What the exercise asks
Output each record exactly as given. Leave out every picture.

*** Input ***

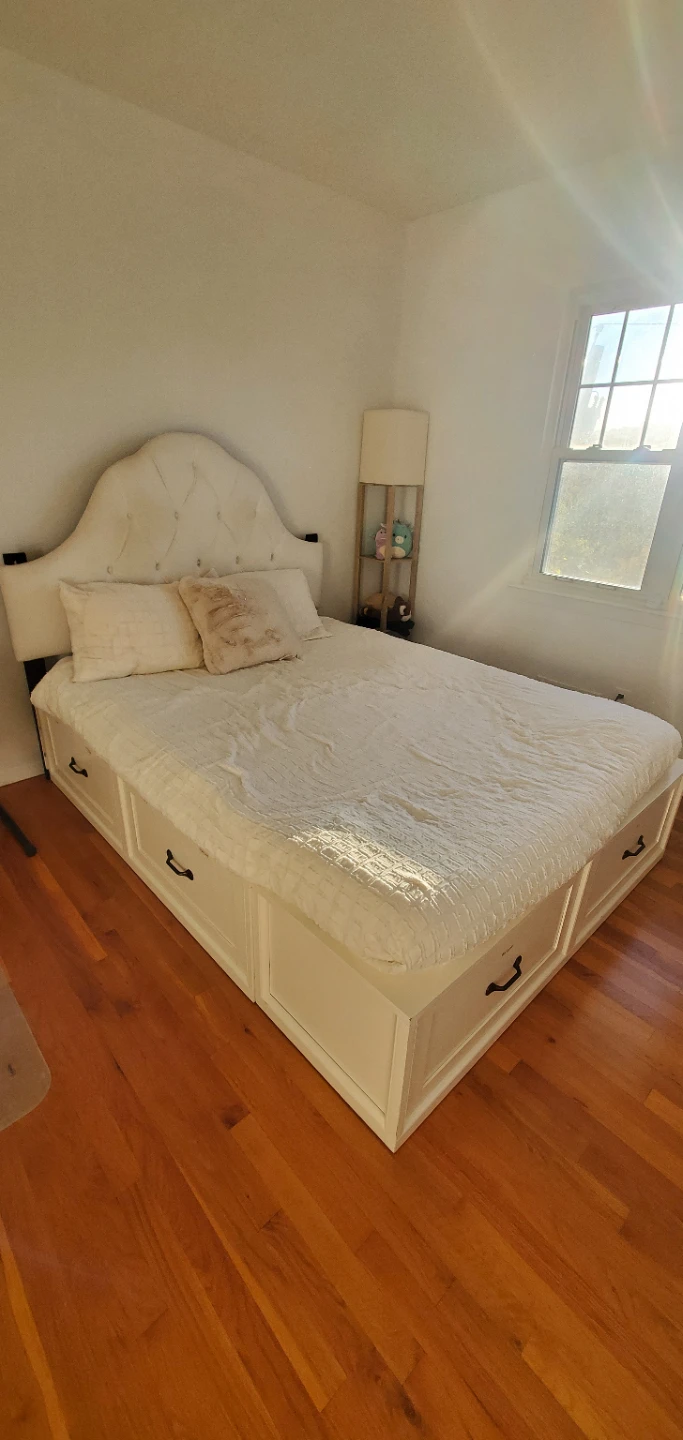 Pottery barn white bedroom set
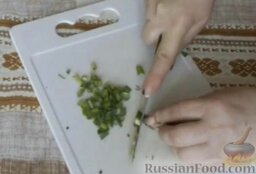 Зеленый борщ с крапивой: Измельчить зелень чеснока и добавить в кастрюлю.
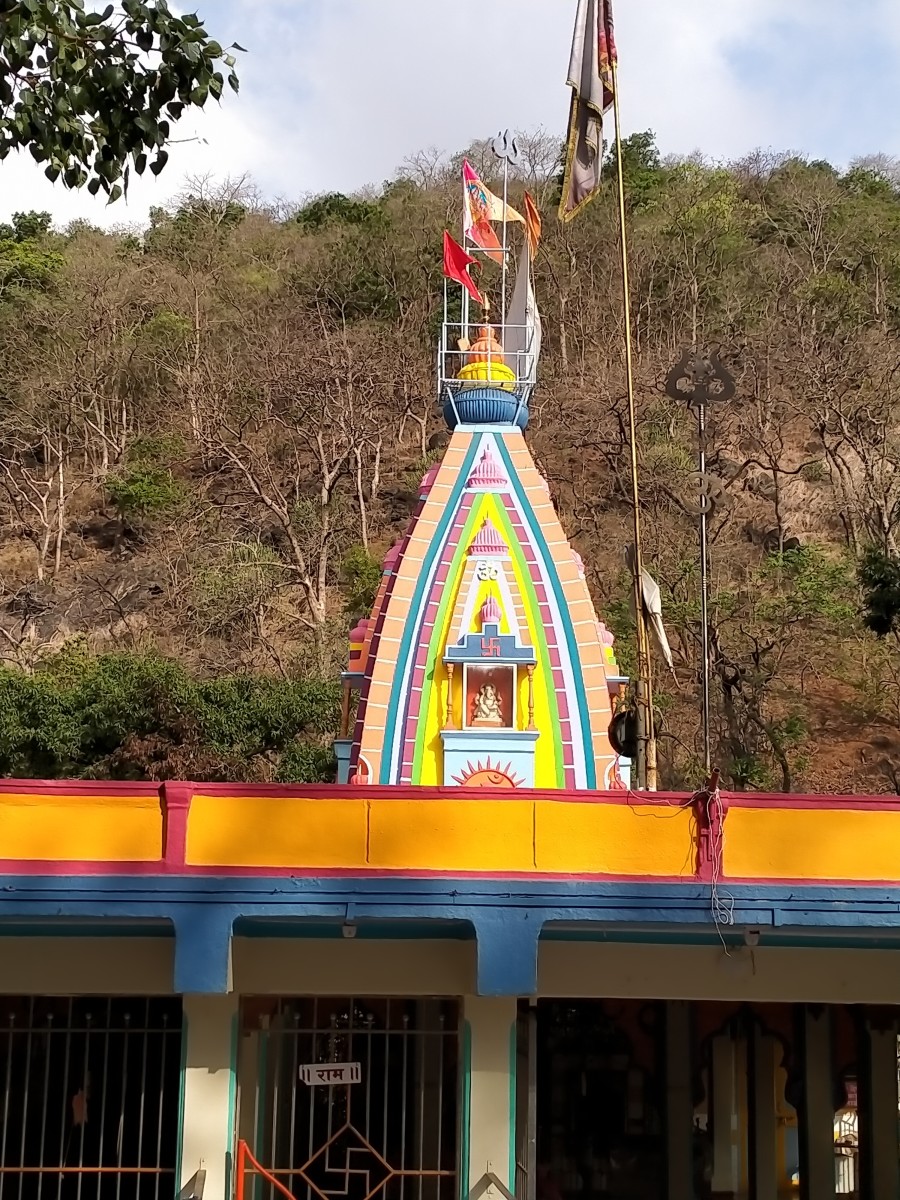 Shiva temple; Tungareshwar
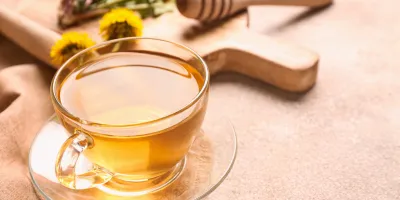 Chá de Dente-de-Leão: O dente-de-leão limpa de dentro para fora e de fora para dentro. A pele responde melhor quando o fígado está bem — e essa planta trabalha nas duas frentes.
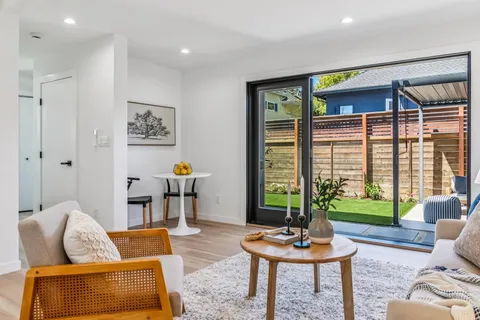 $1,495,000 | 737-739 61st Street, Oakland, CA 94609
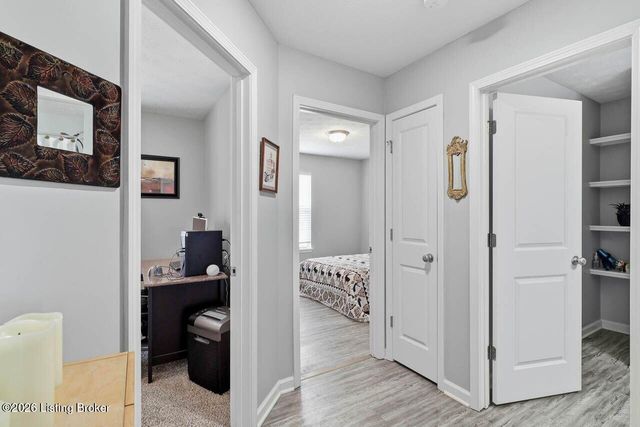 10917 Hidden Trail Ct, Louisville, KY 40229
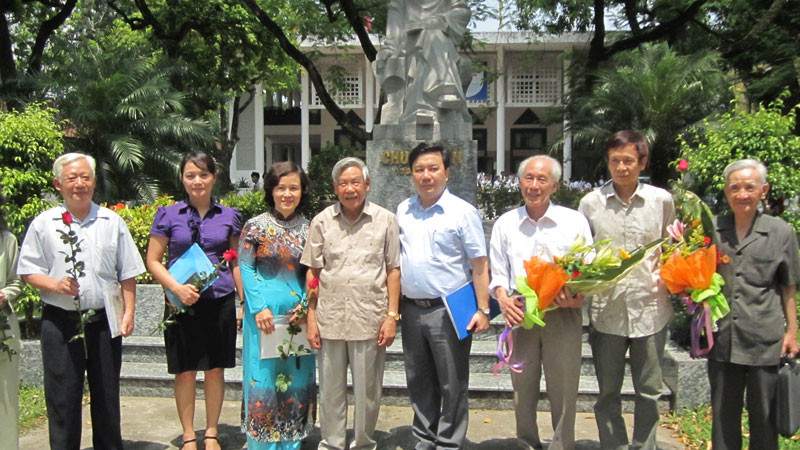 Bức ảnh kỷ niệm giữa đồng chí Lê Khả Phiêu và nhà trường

***

Result
 Pottery barn white bedroom set
 Зеленый борщ с крапивой: Измельчить зелень чеснока и добавить в кастрюлю.
 Shiva temple; Tungareshwar
 Chá de Dente-de-Leão: O dente-de-leão limpa de dentro para fora e de fora para dentro. A pele responde melhor quando o fígado está bem — e essa planta trabalha nas duas frentes.
 $1,495,000 | 737-739 61st Street, Oakland, CA 94609
 10917 Hidden Trail Ct, Louisville, KY 40229
 Bức ảnh kỷ niệm giữa đồng chí Lê Khả Phiêu và nhà trường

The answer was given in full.